- Opening Delimiter -

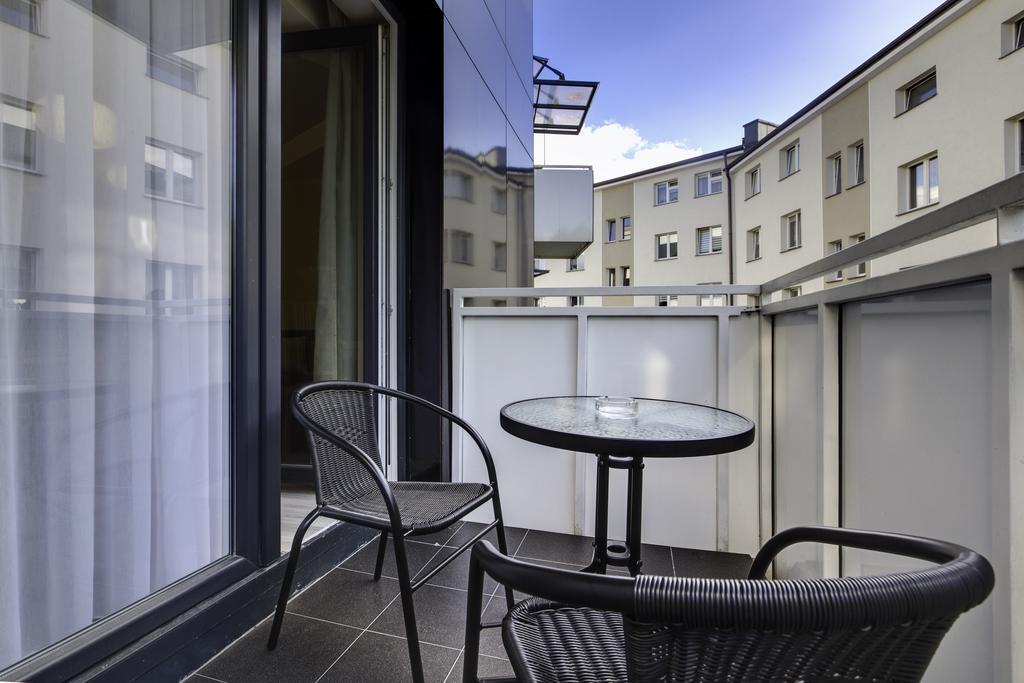 Apartment Royal II 比亚韦斯托克 外观 照片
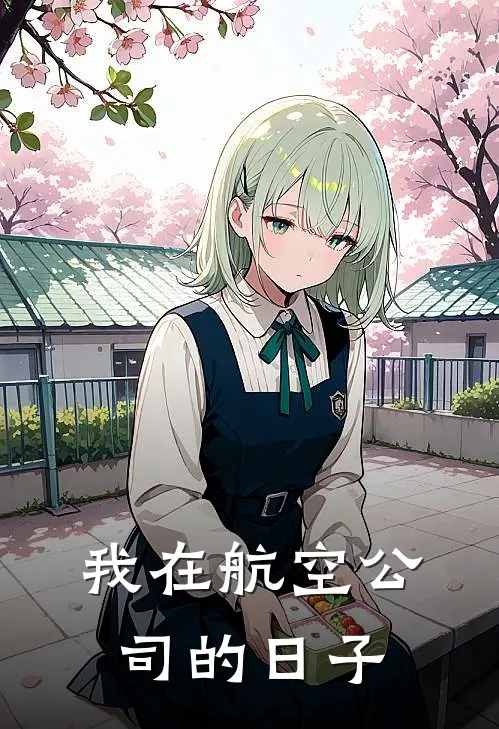 我在航空公司的日子
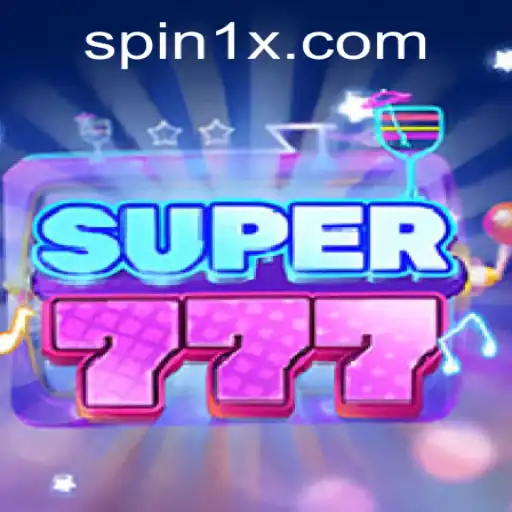 Explorando o Universo de Super777: O Incrível Mundo do 1XSPIN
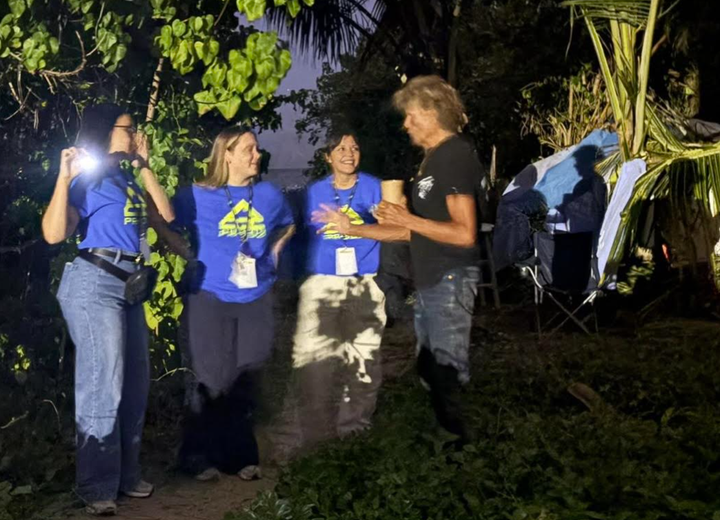 Conteo de personas sin hogar 2026: Nuevas tendencias del sinhogarismo y de salud mental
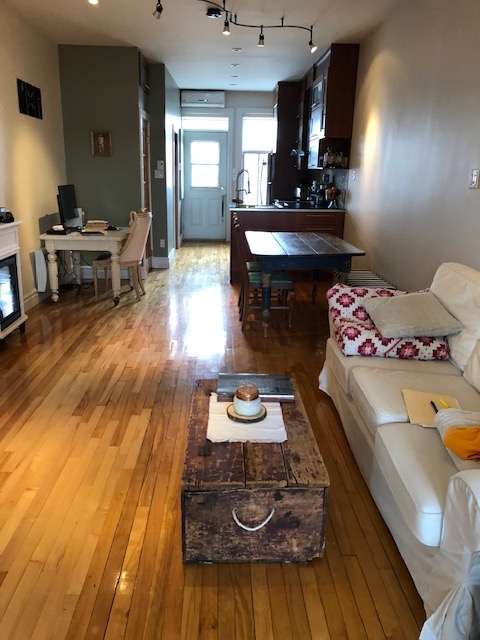 APPARTEMENT - STYLE  LOFT - DISPONIBLE LE 1er JUILLET OU AVANT - Photo 10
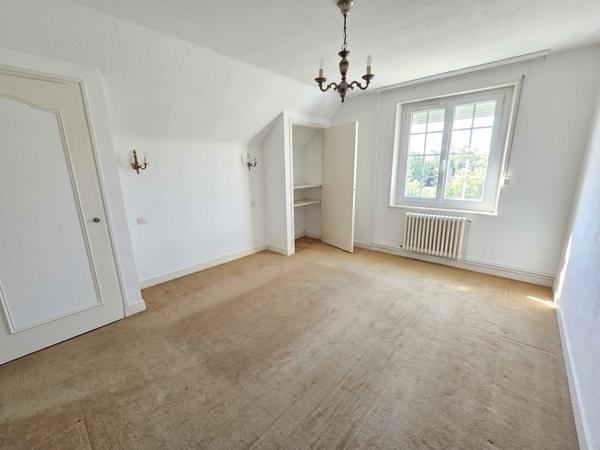 Maison 5 pièces à vendre à Hennebont - Rare sur le marché !, Hennebont 56700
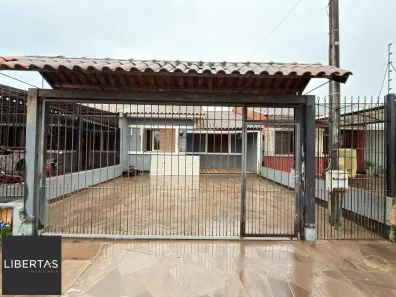 Casa com 3 Quartos à venda, 57m² no Hípica, Porto Alegre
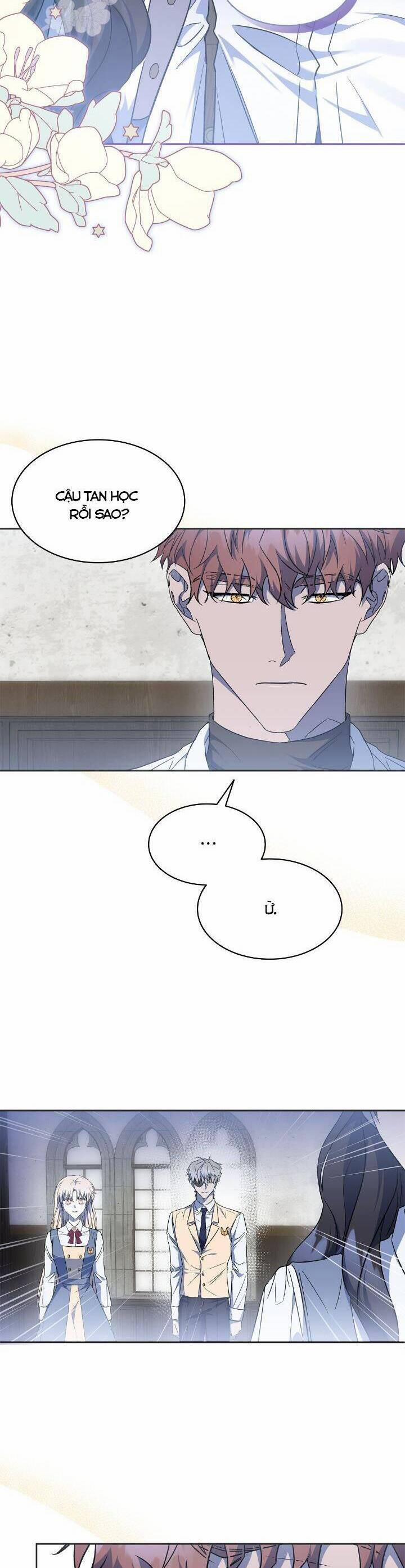 Vì Kết Cục Có Hậu Cho Cuốn Tiểu Thuyết Bi Kịch 24 trang 16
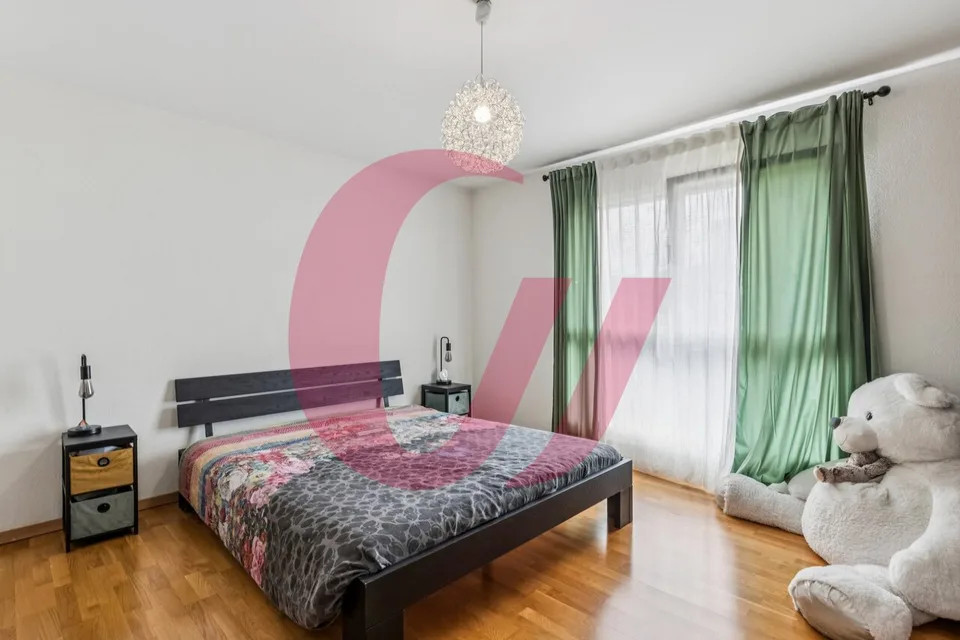 Rare in Bulle - 4.5 rooms ideally located in a sought-after neighborhood – photo 7 of 11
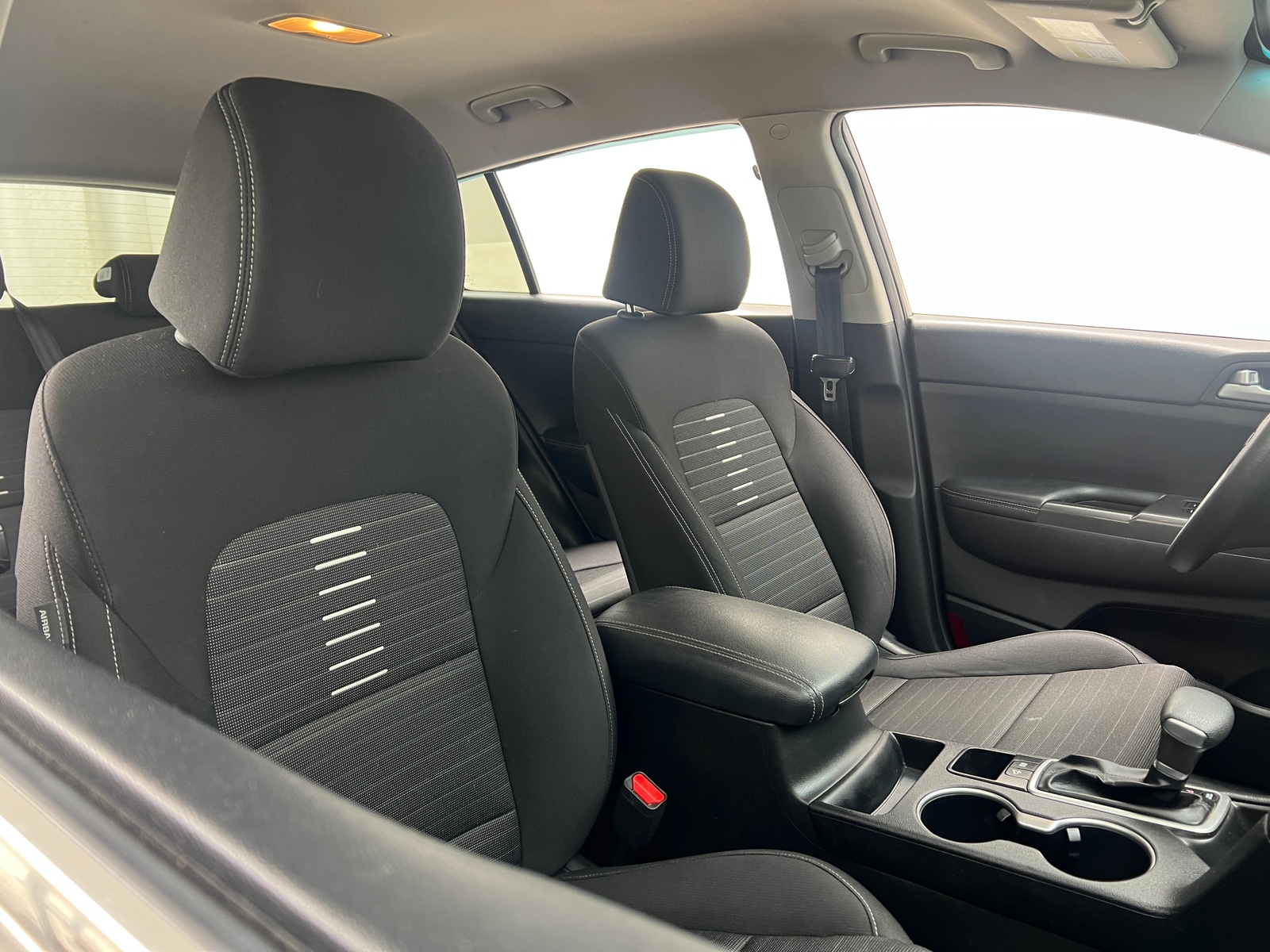 Thumbnail: 2018 Kia Sportage - 2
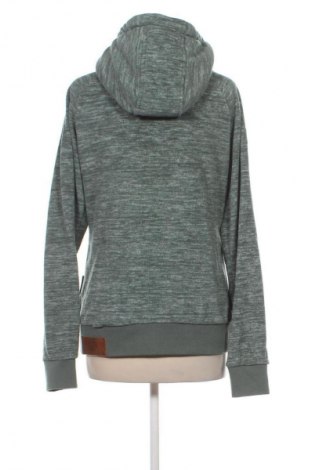 Női sweatshirt Naketano, Méret L, Szín Zöld, Ár 11 909 Ft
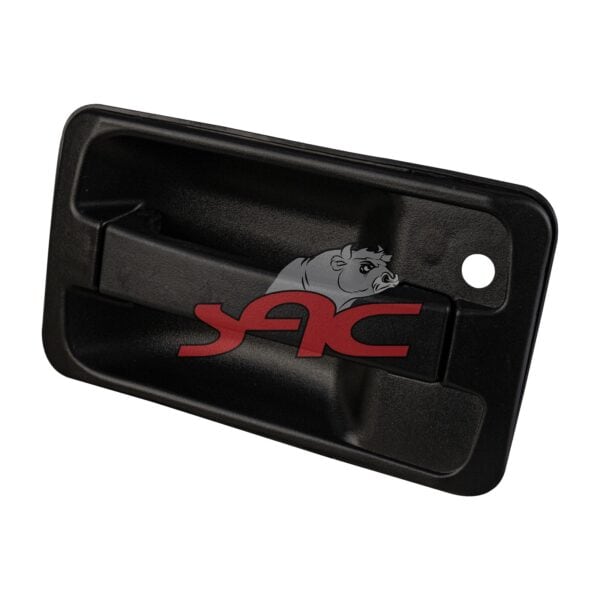 Door Handle Outer L/h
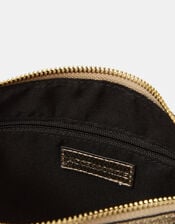 Slim Shoulder Bag, Gold (GOLD), large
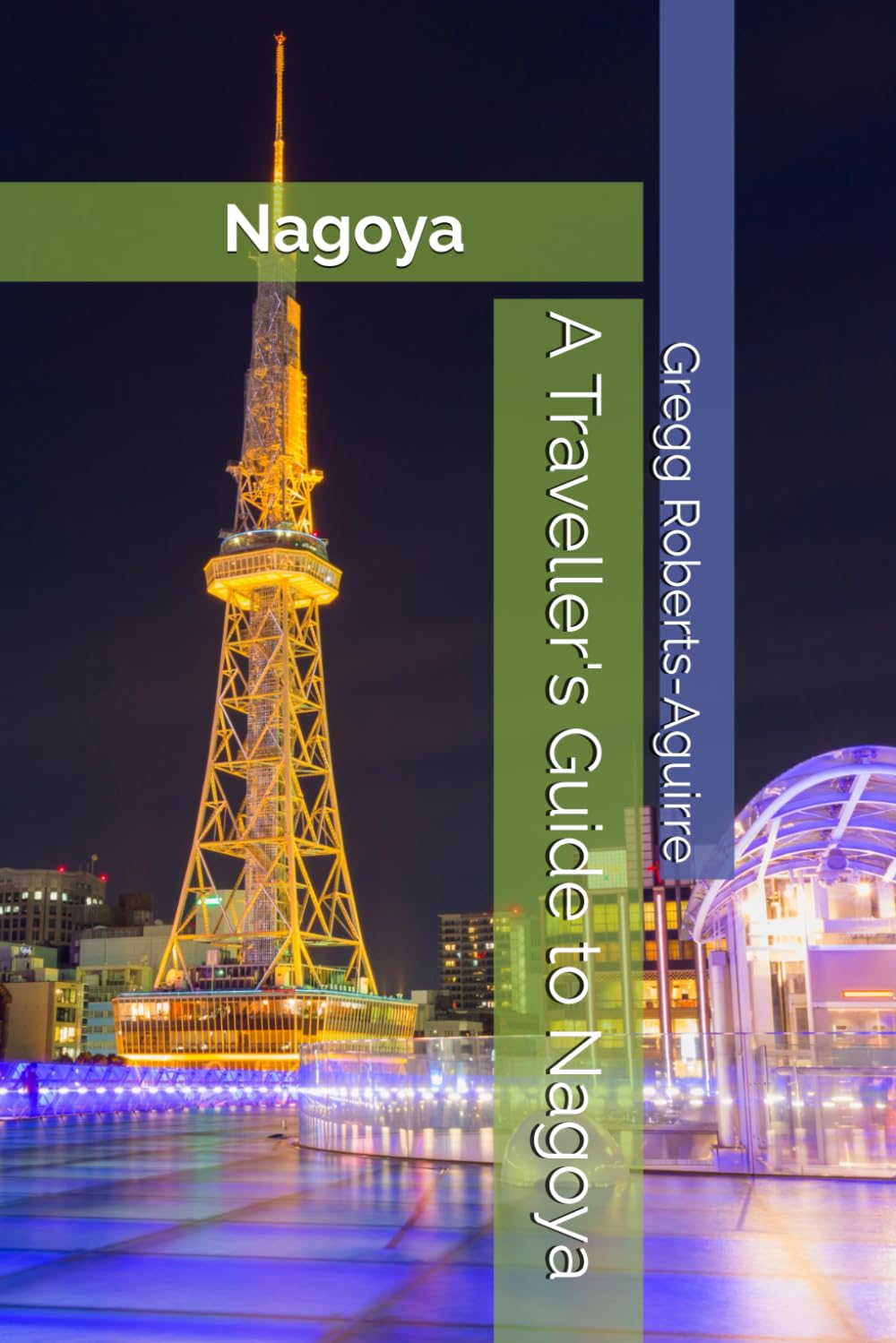 A Traveller's Guide to Nagoya: Panache Nagoya (Asia with Panache)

- Closing Delimiter -

§ Exercise: Begin at the line that contains "Vì Kết Cục Có" and transcribe every line through the end of the listing, exactly as written. Omit the pictures.

§ Exercise answer:
 Vì Kết Cục Có Hậu Cho Cuốn Tiểu Thuyết Bi Kịch 24 trang 16
 Rare in Bulle - 4.5 rooms ideally located in a sought-after neighborhood – photo 7 of 11
 Thumbnail: 2018 Kia Sportage - 2
 Női sweatshirt Naketano, Méret L, Szín Zöld, Ár 11 909 Ft
 Door Handle Outer L/h
 Slim Shoulder Bag, Gold (GOLD), large
 A Traveller's Guide to Nagoya: Panache Nagoya (Asia with Panache)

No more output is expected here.